Trinidad’ın en tepe noktasından şehire, plaja ve arka taraftaki şeker vadisine bakmak için Büyük meydanın arkasındaki radyo kulesinin bulunduğu tepeye tırmanmanız gerekiyor. Yaklaşık yarım saatlik bu yürüyüşün sonunda sizi muhteşem bir manzara karşılıyor.

Radyo kulesinin bulunduğu yerdeki nöbetçi de çok yardımsever bir Kübalı. Bizi arka taraftaki küçük kulübenin üzerine merdivenle çıkartıp vadiyi izletti. Normalde bu vadiyi trenle 10 CUC’a gezebiliyorsunuz. Ancak bizim olduğumuz dönemde tren çalışmadığı için maalesef gezemedik. Ayrıca vadide at turu da yapılıyor. Kuleye tırmanan başka bir gezgin oldukça beğendiğini belirtmişti. Fakat Santa Clara’ya giderken Manaca Iznaga’nın içinden geçerek atmosferini yaşayamasak da bu şirin köyü görmüş olduk. Tabi eğer siz trenle ya da tur ile giderseniz mutlaka taze sıkılmış şeker kamışı suyu içmeyi unutmayın.
Trinidad’da Yüksek Lezzetler
Denediğimiz iki farklı restoran oldu, bunlardan ilki “Restaurante San Jose“ popüler ve turistlerin oldukça gittiği bir mekan. (Tripadvisor’da bir numara aynı zamanda) Balık ve sarımsaklı tavuk sipariş ettik. Balık güzel ve iyi pişmişti. Tavuk ise çok sıradan geldi. Tabaklar 7-8 CUC civarı.

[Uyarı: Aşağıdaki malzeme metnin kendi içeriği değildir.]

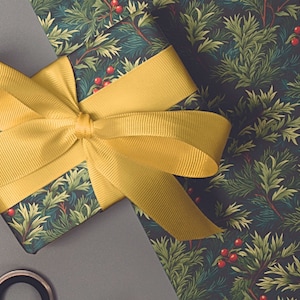 Carta da regalo natalizia ispirata a William Morris - Design tradizionale con ramoscelli verdi e bacche di agrifoglio rosso - Disponibile in rotoli da 1 m, 2 m, 3 m e 5 m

Başka bir akşam da şehrin güney kesimindeki “El Ranchon” ismindeki restorana gittik. Burda ıstakoz ızgaralı bir menü şipariş ettik. (1 tane paylaşın, porsiyonlar büyük) Aşağıdaki fotoğrafta göreceğiniz gibi yanında siyah fasulyeli pilav (arroz morro), salata, kızarmış muz, meyve, 1 içecek/kokteyl olan menünün fiyatı 15 CUC.

Trinidad’ın keyfi en güzel sokaklarını arşınlamakla çıkar. Sadece meydana yakın olanları değil, arnavut kaldırımların bittiği, şehrin güney kısmında asıl yerel insanların hayatlarına şahit olacağınız kısımları da mutlaka gezin. Plaza Carillo ve etrafını dolaşın, tütün fabrikasının dışarıdan izleyin (size yine puro satmak isteyecekler), okulların etrafında çocukların eğlencelerine şahit olun.
Aşağıdaki galeriden sokak aralarında, puro fabrikasında yakaladığımız kareleri görebilirsiniz.
Merhaba, Trinidad’da nerede kaldiginizi ve Casa’nin bilgilerini ogrenebilir miyim? Yazilariniz inanilmaz yardimci oluyor, tesekkur ederim.:)
Merhaba Ceren, internet yavaşlığından sana geç yazabiliyoruz. Trinidad’da yaşlı bir teyzenin casa olarak işlettiği bir evde kaldık. Otobüsten indiğimizde komisyoncu olarak çalışan birisi yardımcı olmuştu.